### Activity
Copy out exactly the stretch of the listing below that begins at the line containing "4130 E Spring Meadows Cir — Photo 8" and ends at the line containing "إلى الدعم الفني**", and copy nothing outside it.

### Data to process
[Start of Attachment]

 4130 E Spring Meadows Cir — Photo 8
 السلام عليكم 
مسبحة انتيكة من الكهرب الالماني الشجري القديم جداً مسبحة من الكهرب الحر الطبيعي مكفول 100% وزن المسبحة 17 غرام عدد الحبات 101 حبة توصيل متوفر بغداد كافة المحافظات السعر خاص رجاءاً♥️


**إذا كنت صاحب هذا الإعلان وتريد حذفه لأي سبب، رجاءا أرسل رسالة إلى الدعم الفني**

[End of Attachment]
[Start of Attachment]

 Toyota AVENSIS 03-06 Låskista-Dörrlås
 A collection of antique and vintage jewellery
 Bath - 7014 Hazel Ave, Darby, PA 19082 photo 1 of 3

[End of Attachment]
[Start of Attachment]

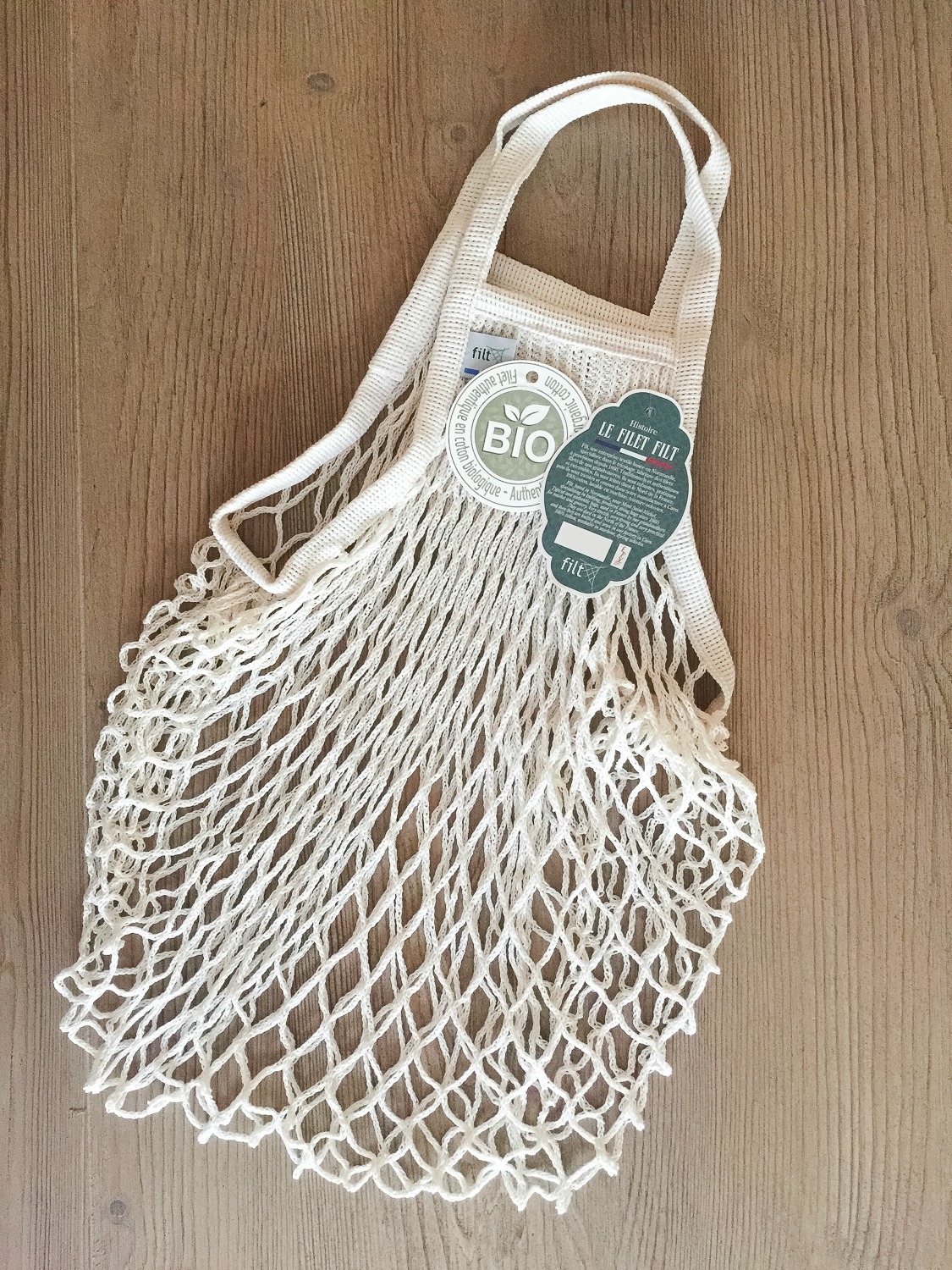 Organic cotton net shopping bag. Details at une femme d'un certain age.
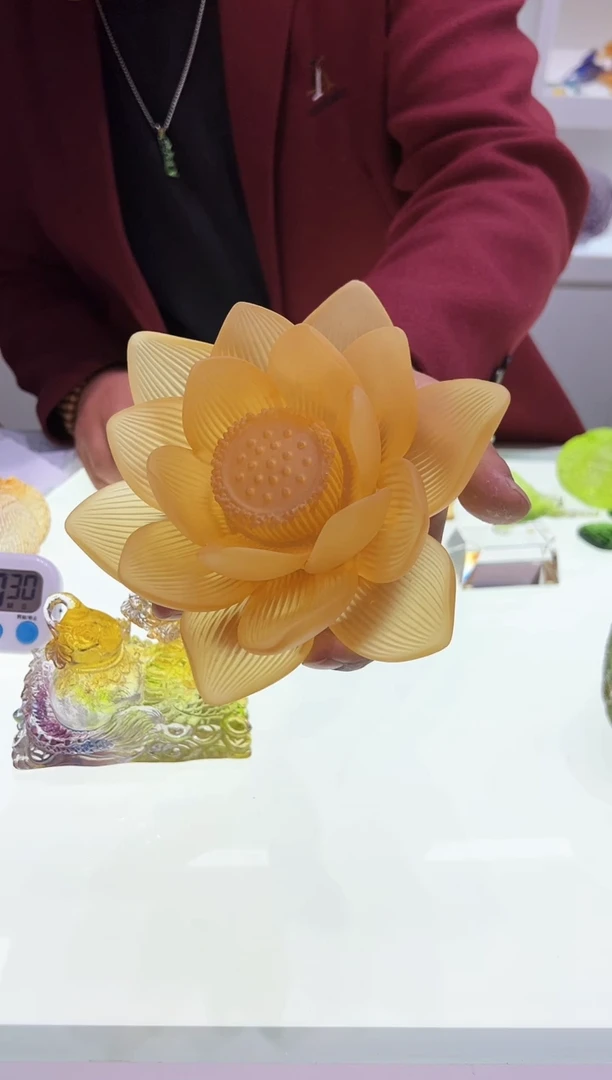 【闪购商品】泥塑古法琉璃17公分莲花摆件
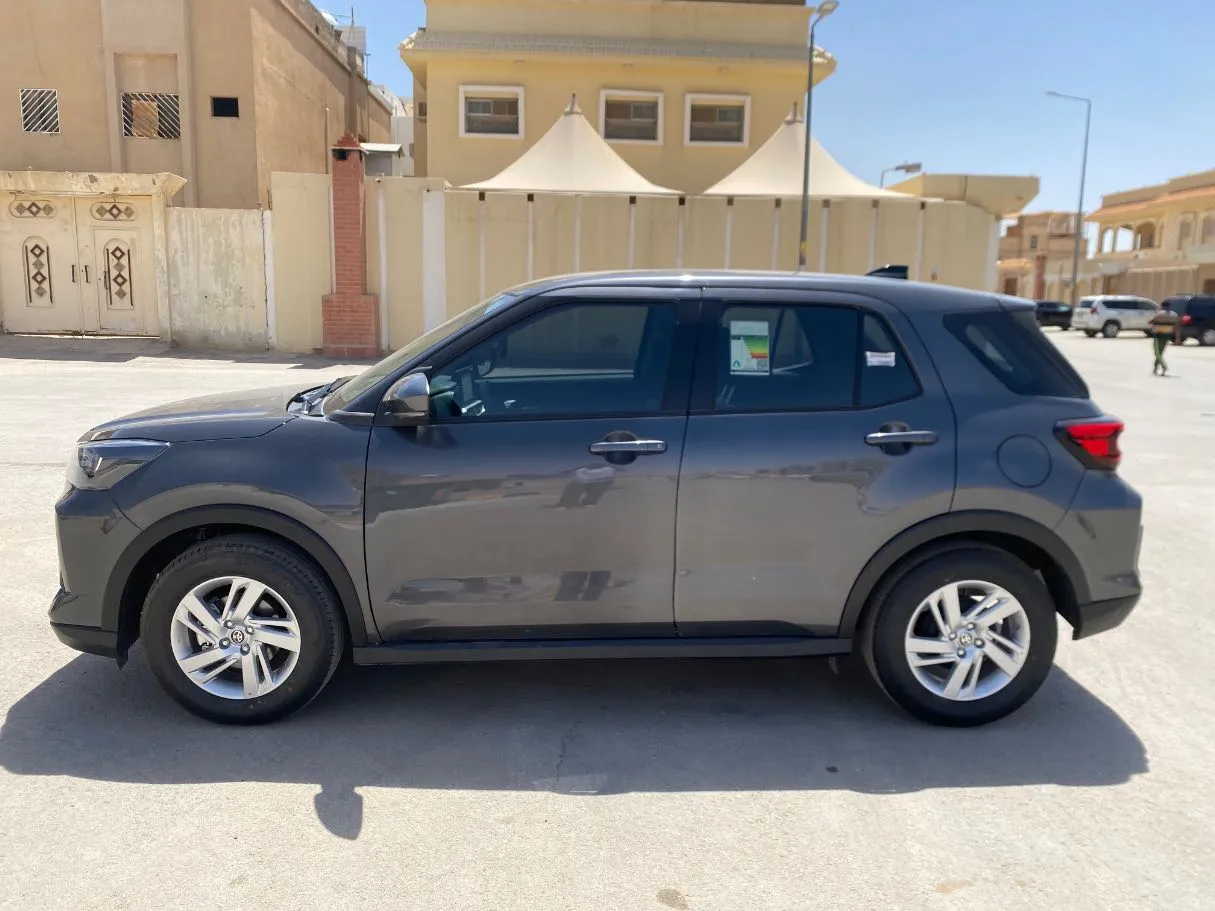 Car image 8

[End of Attachment]

### Response
 4130 E Spring Meadows Cir — Photo 8
 السلام عليكم 
مسبحة انتيكة من الكهرب الالماني الشجري القديم جداً مسبحة من الكهرب الحر الطبيعي مكفول 100% وزن المسبحة 17 غرام عدد الحبات 101 حبة توصيل متوفر بغداد كافة المحافظات السعر خاص رجاءاً♥️


**إذا كنت صاحب هذا الإعلان وتريد حذفه لأي سبب، رجاءا أرسل رسالة إلى الدعم الفني**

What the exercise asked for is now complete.